[Date Prev][Date Next][Thread Prev][Thread Next][Date Index][Thread Index]
Re: Proposal for file attachment API
- Subject: Re: Proposal for file attachment API
- From: Chris Travers <..hidden..>
- Date: Tue, 5 Jul 2011 00:04:17 -0700
On Mon, Jul 4, 2011 at 9:05 PM, Luke <..hidden..> wrote:
> Seems reasonable enough. So instead of being unique to the filename, you'd
> be unique to the filename and the source attachment point?
>
> The problem I see there, is what happens if order 42 is deleted after the
> consolidation?
> To prevent that, you probably have to snapshot the data, which is not
> elegant at all..
Or say "order can be closed but not deleted." which would be the
result of what I am suggesting at the moment.
>
>> That way all three can co-exist on an order without folks being
>> confused as to what they are or which is which.
>>
>> It seems to me that to support order consolidation we'd still have to
>> do the same thing (an order-attachment to order) table or else run
>> into the conflict of names constraint, right?
>
> It is seeming like that.
>
> Either that, or during a consolidation or addition operation, you do
> automatic pre-extension numbering.
>
> I.E. The file from order 42 is contract1.doc, the one from order 43 becomes
> contract2.doc, and the one from order 44 becomes contract3.doc.
>
> Or OrdNumber-contract.doc, so: 42-contract.doc, 43-contract.doc,
> 44-contract.doc, which is probably better.
>
> The user can possibly rename them before saving?
I think if we are going to be doing this, I think that allowing
deletion of objects to which files are originally attached is a bad
idea. If the original order still exists in the system even if it
isn't open, one can still go back and review what was entered there.
Otherwise you essentially have no audit trail.
Indeed, I think the way we should be moving is that: 1) No referenced
data should ever be deleted, ever and 2) No approved financial data
should ever be deleted, ever.
In practical terms this means:
1) One cannot delete an order with a file that is secondarily mapped
elsewhere, and
2) One cannot delete a posted invoice under any circumstances.

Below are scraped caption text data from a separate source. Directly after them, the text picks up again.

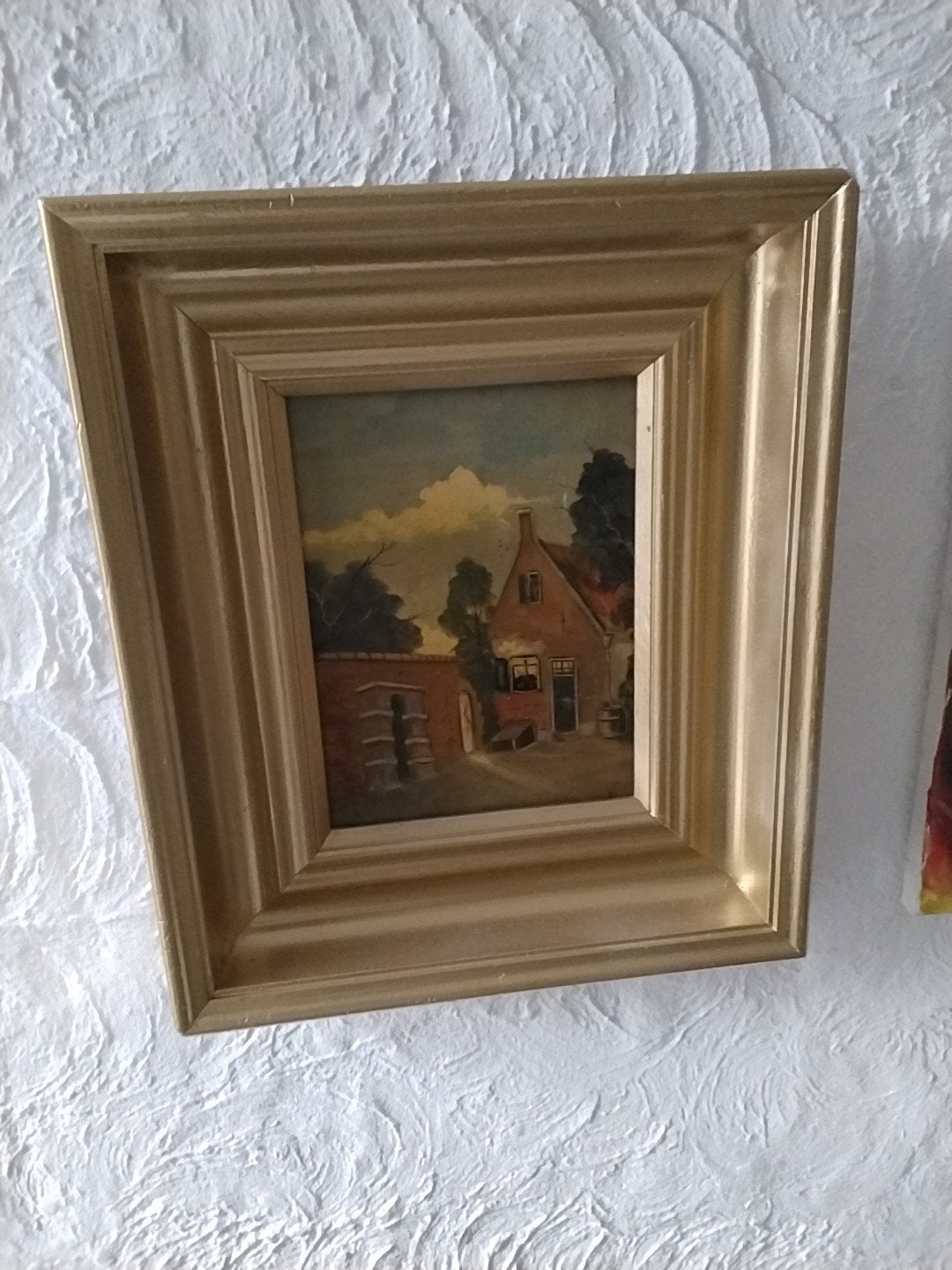 Oud Hollands tafereel schilderij in gouden lijst, Antiek en Kunst, Kunst | Schilderijen | Klassiek, Ophalen of Verzenden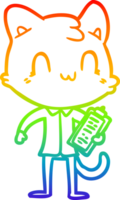 rainbow gradient line drawing cartoon happy cat png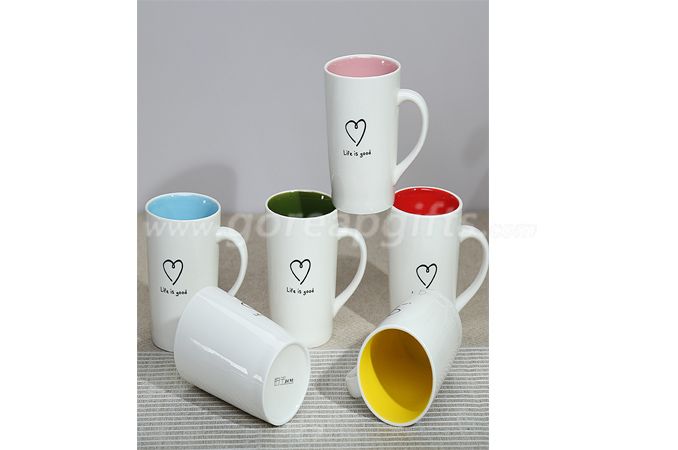 14oz color glazed cereamic coffee mug with lid and spoon 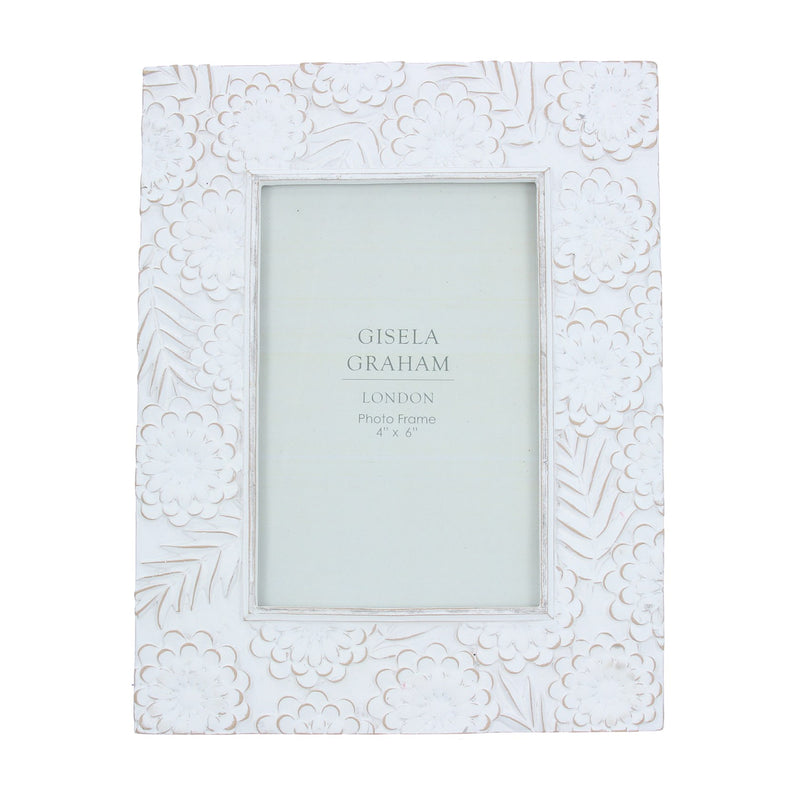 White/Nat. Floral Resin Picture Frame 4x6"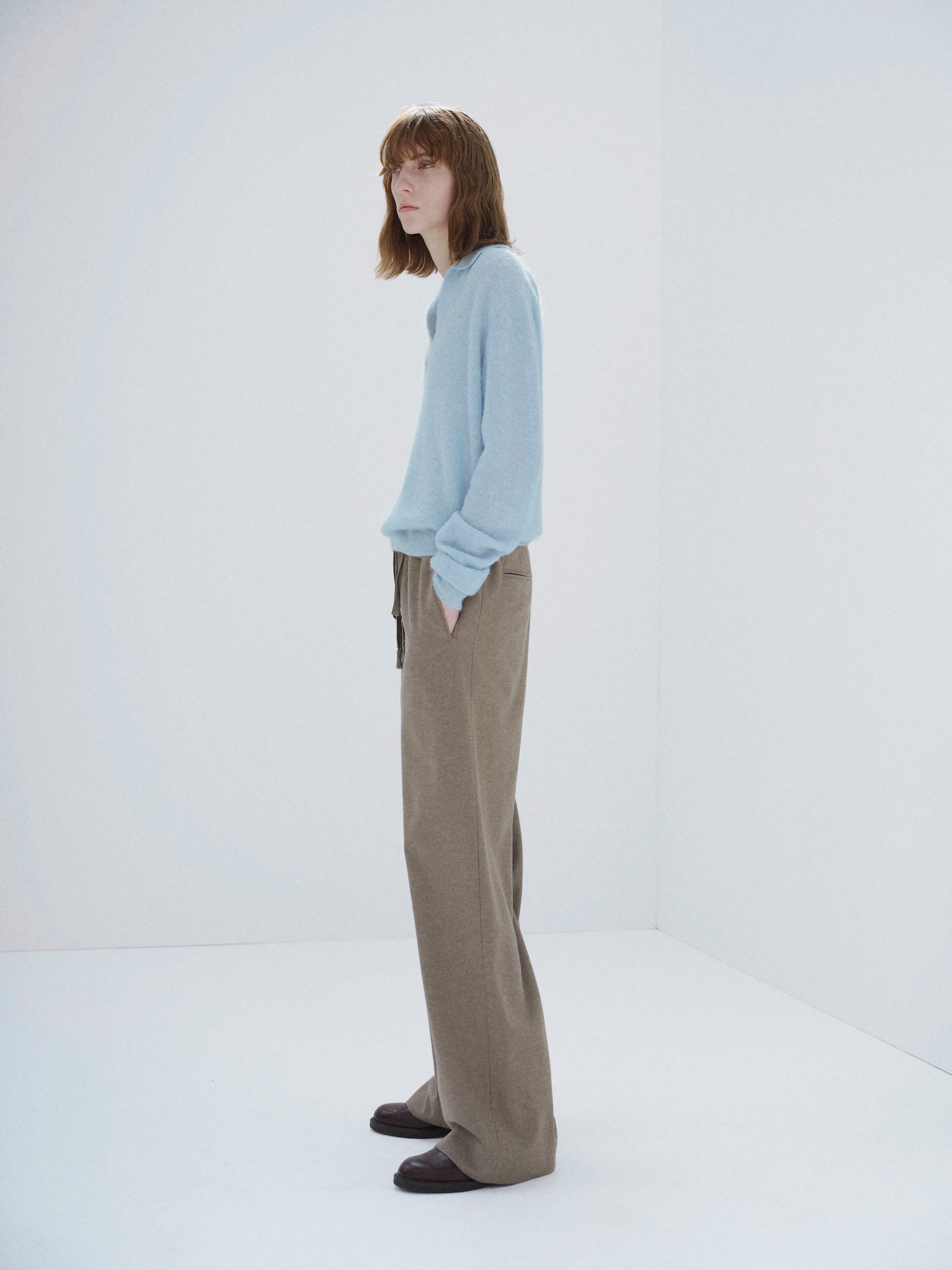 WOOL FULLING FLANNEL DRAWSTRING PANTS 詳細画像 TOP BROWN 3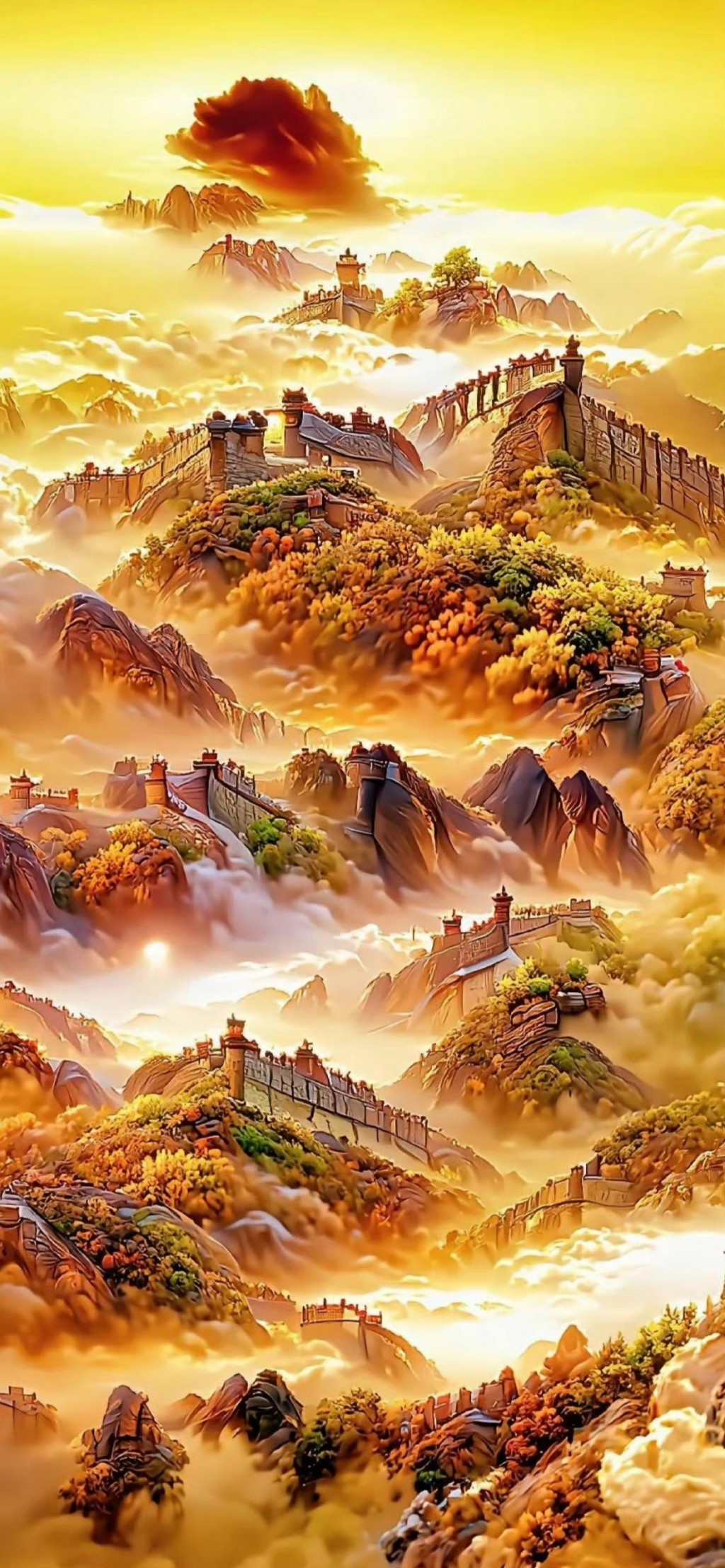万里长城唯美彩绘风景插画手机壁纸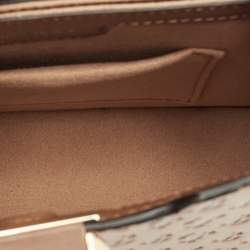 Jimmy Choo Two Tone Brown Embossed Leather Mini Varenne Top Handle Bag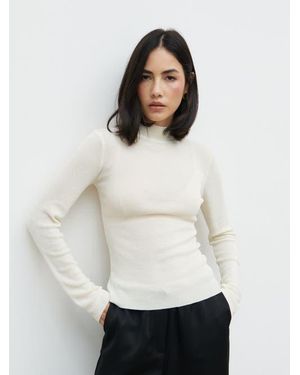 Pretty Lavish Charli Sheer Knit Top - White
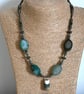 green agate and lampwork glass pendant necklace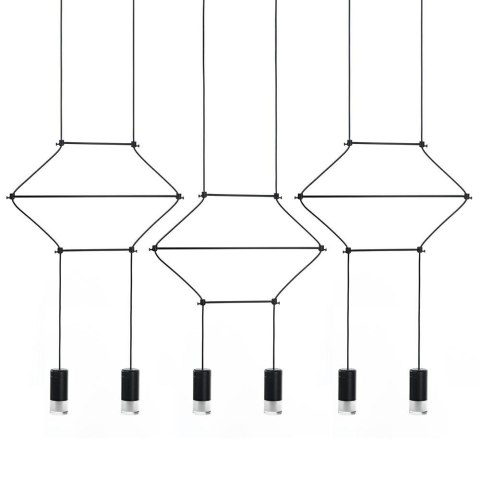 Moosee MOOSEE lampa wisząca FLUSSO LINE 6 czarna
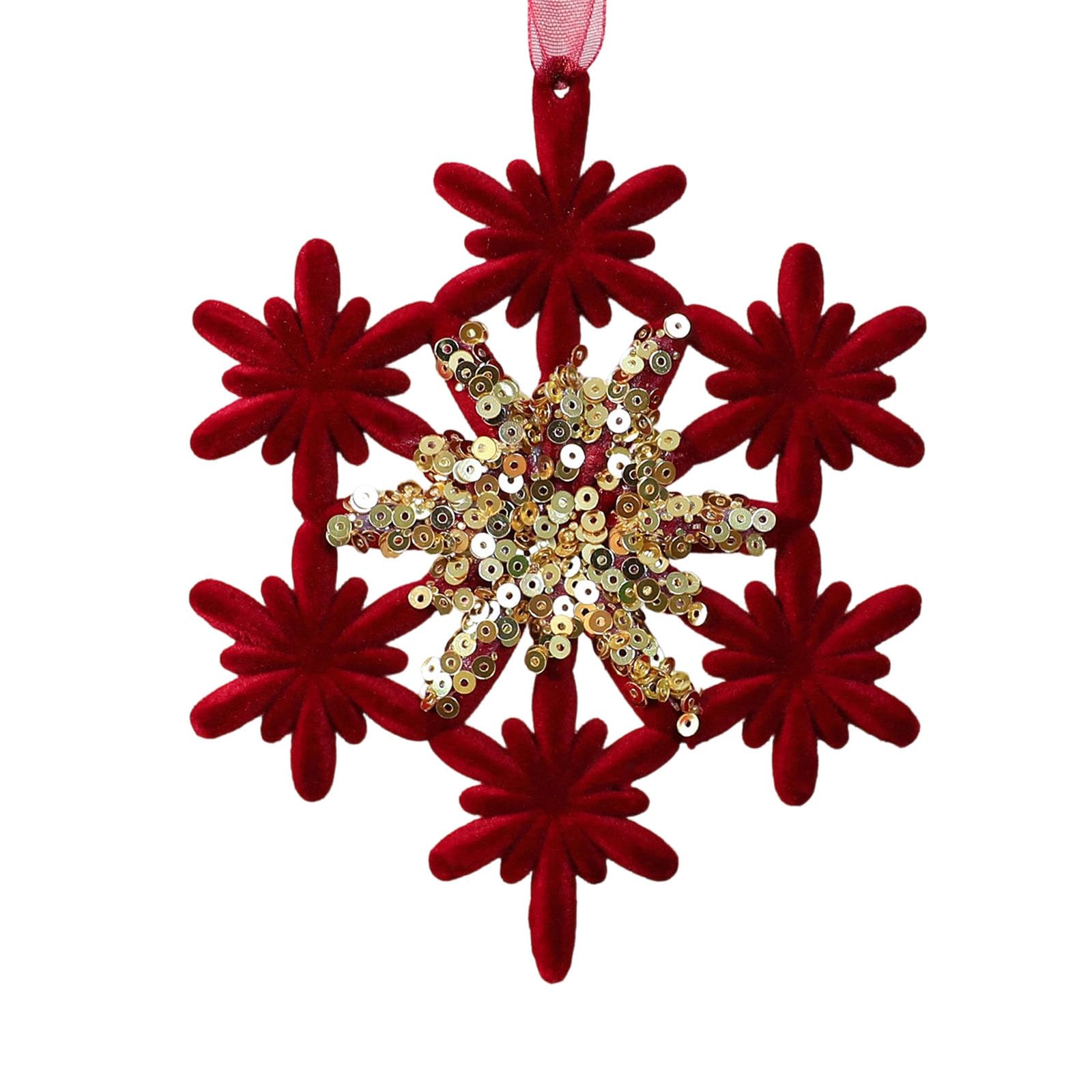 Shatterproof Christmas Tree Decoration Sequins Velvety Deer/Butterfly/Snowflake/Wreath Pendant for Holiday Tree Mantels Home DecorationChristmas Bowknot Christmas Hanging Decoration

3) If a pending reconciliation report (including an attached bank
statement) is deleted, the sproc can handle that deletion, or the DDL
can be set up such that the deletion occurs automatically.....
However an approved reconciliation report must NEVER be deleted under
any circumstances.
> Yes.
>
>> To be clear the tradeoff between the two approaches is that my
>> approach is narrower in the sorts of data it accepts up front, and the
>> DDL is quite a bit more complex, and this is both a good and a bad
>> thing.
>
> I have no objection to the DDL complexity, if the parts I want flexible can
> be made so.:)
> I still envision most of this being black-boxed into API calls or database
> routines, from the third party access prospective.
Ok, then let's talk about the specific, non-standard PostgreSQL
feature I am talking about relying on: table inheritance.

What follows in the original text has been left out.